B. İstinaf Sebepleri
Davacı vekili; davacı Şirkette çalışan işçilerin haftalık çalışma saatlerine uygun olarak ve 45 saat prensibi ile çalıştırılmakta olduklarını, gece çalışmalarının da günlük 7,5 saati aşmadığını, günlük en az 1,5 saat ara dinlenmesi kullanılmakta olduğunu, vardiya değişimlerinde işçilerin 11 saat dinlendirilmesi ve vardiyaların da en geç iki haftada bir olacak şekilde değişimi hususlarına istisnasız riayet edildiğini ulusal bayram ve genel tatil günlerinde çalışma kesinlikle yaptırılmadığını, bordrolarda belirtilen işçi aylık ücretlerinin banka aracılığı ile ödenmekte olduğunu, herhangi bir usulsüzlük ve eksiklik söz konusu olmadığını ileri sürerek İlk Derece Mahkemesi kararının ortadan kaldırılması ve davanın kabulüne karar verilmesi istemi ile istinaf yoluna başvurmuştur.
C. Gerekçe ve Sonuç
Bölge Adliye Mahkemesinin yukarıda tarih ve sayısı belirtilen kararı ile; dosya kapsamı, mevcut delil durumu ve ileri sürülen istinaf sebepleri ile kamu düzeni dikkate alındığında mahkemenin vakıa ve hukuki değerlendirmesinde usul ve esas yönünden kanuna aykırılık bulunmadığından davacı vekilinin istinaf başvurusunun esastan reddine karar verilmiştir.
V. TEMYİZ
A. Temyiz Yoluna Başvuranlar
Bölge Adliye Mahkemesinin yukarıda belirtilen kararına karşı süresi içinde davacı vekili temyiz isteminde bulunmuştur.
B. Temyiz Sebepleri
Davacı vekili; istinaf dilekçesinde ileri sürdüğü sebepleri tekrar ederek Bölge Adliye Mahkemesi kararının bozularak ortadan kaldırılması istemi ile temyiz yoluna başvurmuştur.
C. Gerekçe
1. Uyuşmazlık ve Hukuki Nitelendirme
Uyuşmazlık, 31.01.2023 tarih ve 10065-İNC-1 sayılı raporun iptali istemine ilişkindir.
2. İlgili Hukuk
1. 6100 sayılı Hukuk Muhakemeleri Kanunu'nun (6100 sayılı Kanun) 369 uncu maddesinin birinci fıkrası ile 370 ve 371 inci maddeleri.
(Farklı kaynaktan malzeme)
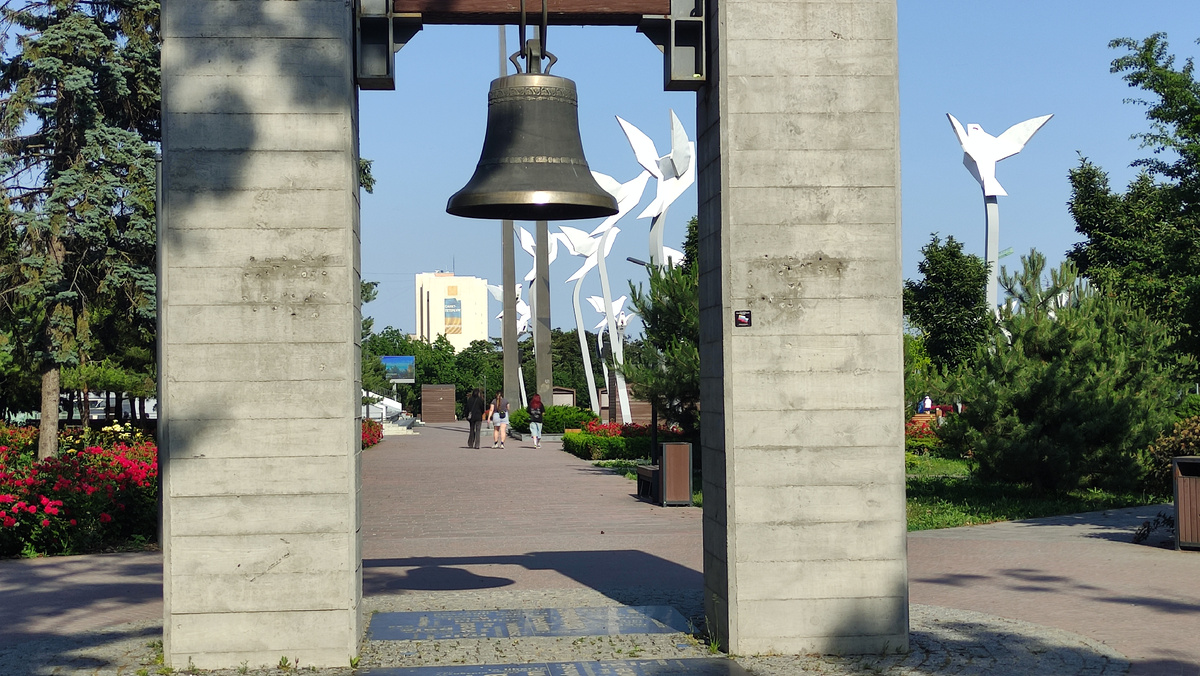 Колокол Свободы. Внизу плиты со словом Свобода на разных языках. Фото - авторское право #di_vito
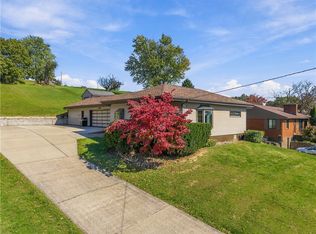 65 Walnut Ridge Rd, Charleroi, PA 15022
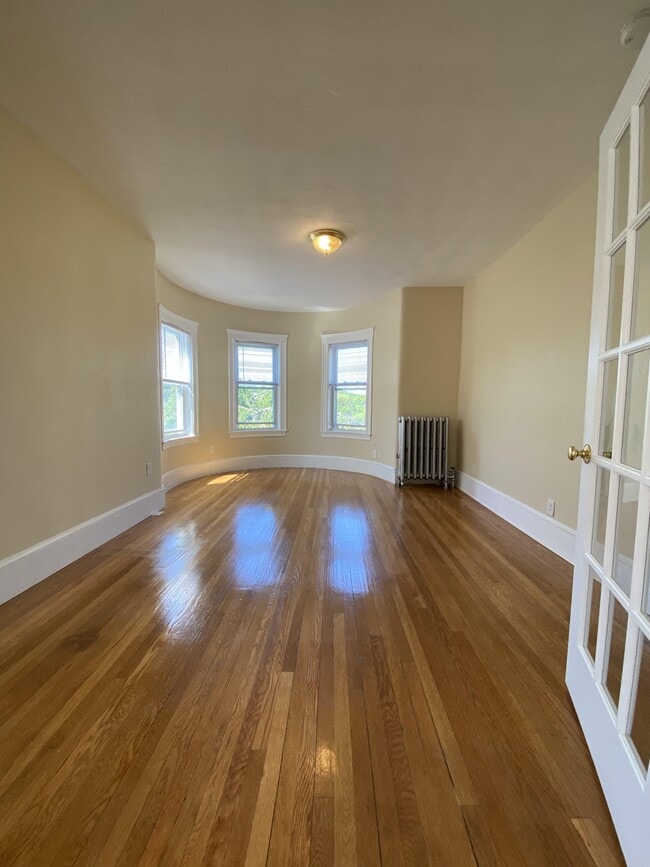 Photo - 299 Tappan St Unit 3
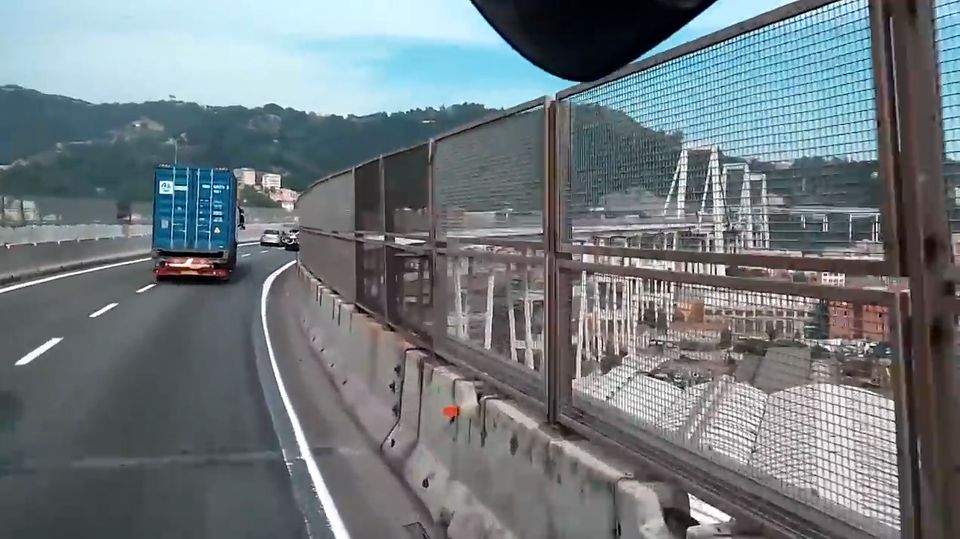 LKW-Fahrer fährt über Brücke in Genua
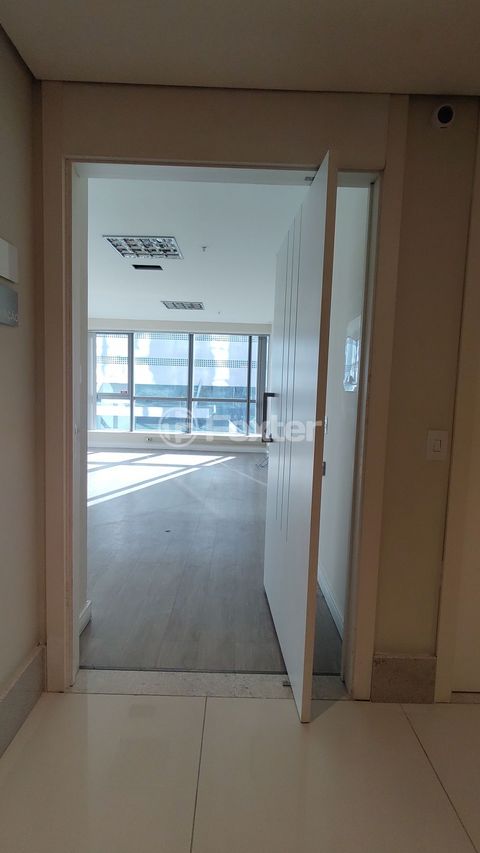 Image 8 - 304592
2. 4857 sayılı Kanun'un 2, 3 ve 92 nci maddeleri.
3. Değerlendirme
1. Bölge adliye mahkemelerinin nihai kararlarının bozulması 6100 sayılı Kanun'un 371 inci maddesinde yer alan sebeplerden birinin varlığı hâlinde mümkündür.
2. Temyizen incelenen karar, tarafların karşılıklı iddia ve savunmalarına, dayandıkları belgelere uyuşmazlığa uygulanması gereken hukuk kuralları ile hukuki ilişkinin nitelendirilmesine, dava şartlarına yargılama ve ispat kuralları ile kararda belirtilen gerekçelere göre usul ve kanuna uygun olup davacı vekilince temyiz dilekçesinde ileri sürülen nedenler kararın bozulmasını gerektirecek nitelikte görülmemiştir.
VI. KARAR
Açıklanan sebeple;
Temyiz olunan Bölge Adliye Mahkemesi kararının 6100 sayılı Kanun'un 370 inci maddesinin birinci fıkrası uyarınca ONANMASINA,
Dosyanın İlk Derece Mahkemesine, kararın bir örneğinin Bölge Adliye Mahkemesine gönderilmesine,
18.11.2024 tarihinde oy birliğiyle karar verildi.